In his announcement, Obama claimed he was fulfilling a promise to end the war. In fact, Washington worked hard to prolong the futile occupation, badgering the Iraqi government repeatedly to approve an extended US troop presence. The talks finally fell apart when it became clear that the Iraqi government, reflecting overwhelming public opinion, would refuse to grant US troops immunity from prosecution in Iraqi courts, which the Pentagon had insisted on.

The withdrawal has been lambasted by the GOP, neoconservatives and the military, but the decision is consistent with the demands of peace groups, which had called tirelessly for an end to the occupation. Remaining behind, however, will be the biggest US embassy in the world and some 5,000 private contractors. A vigilant peace movement should campaign to bring them home too.

It would be hard to overestimate the futility of the Iraq misadventure. The waste in political and diplomatic energy, in addition to the loss in blood and treasure, is incalculable. Overwhelming worldwide sympathy for the United States after the Al Qaeda attacks of 9/11 was transformed into condemnation of US aggression against a nation with no involvement in those attacks. An invasion intended to turn Mesopotamia into a Pax Americana turned Iraq into a magnet for Islamist extremists and heightened Iran’s influence and prestige there, even as it sullied America’s name in the region. The images of Iraqis tortured at Abu Ghraib are an indelible stain on our reputation.

The costs for American democracy are still being felt.

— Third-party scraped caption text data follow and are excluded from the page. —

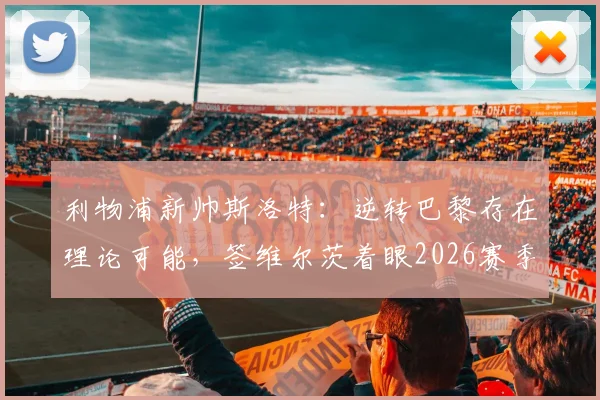 利物浦新帅斯洛特：逆转巴黎存在理论可能，签维尔茨着眼2026赛季布局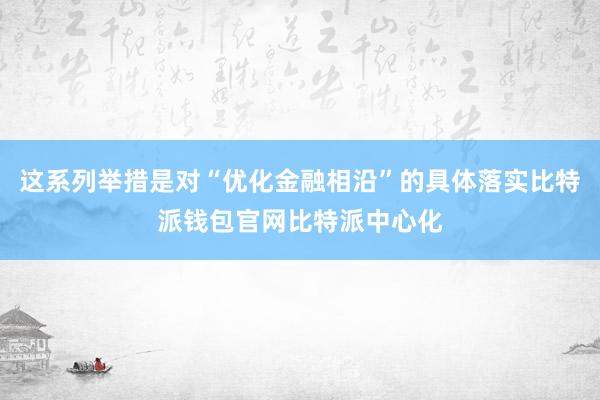 这系列举措是对“优化金融相沿”的具体落实比特派钱包官网比特派中心化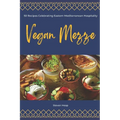 Vegan Mezze: 50 Recipes Celebrating Eastern Mediterranean Hospitality - Paperback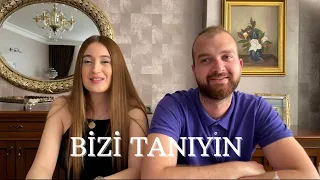 BİZİ TANIYIN| NASIL TANIŞTIK👩‍❤️‍👨 | NE İŞ YAPIYORUZ| MERAK ETTİKLERİNİZ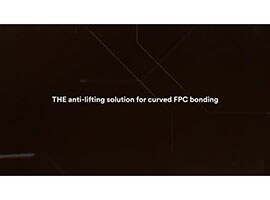 Video still of a black background behind the words “THE anti-lifting solution for curved FPC bonding”
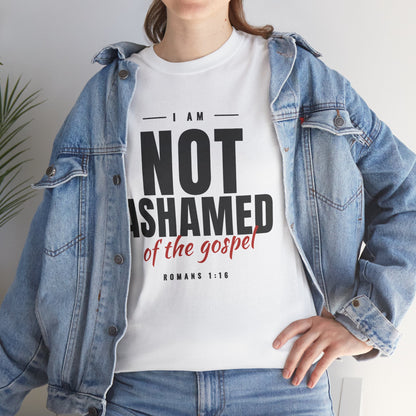 Not Ashamed of the Gospel Christian Faith T-Shirt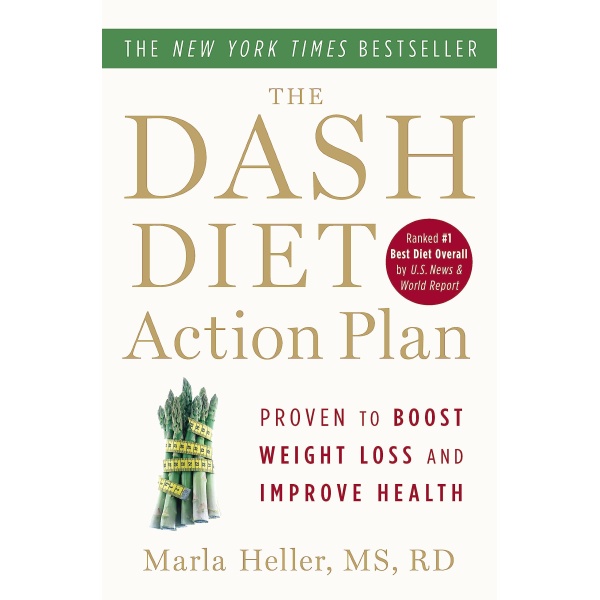 The DASH Diet Action Plan: Proven to Lower Blood Pressure and Cholesterol without Medication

The Bush administration used the war as an excuse to further eviscerate civil liberties weakened by the “war on terror,” which the Obama administration has done little to restore. A craven mainstream media, cowed by the atmosphere of fear, deservedly earned public contempt for failing to question the flimsy pretexts for invasion. Its mea culpas were many and late. The long war and occupation helped turn a Treasury surplus into a huge deficit—one that has made it difficult for Obama to pass stimulus measures needed for economic recovery.

The American people turned against the war in Iraq years ago, as they have against the one in Afghanistan. Confronted by the worst recession in seventy years, the country can now direct its energies toward what Obama described, in his remarks on the Iraq withdrawal, as “the greatest challenge that we now face as a nation—creating opportunity and jobs in this country.”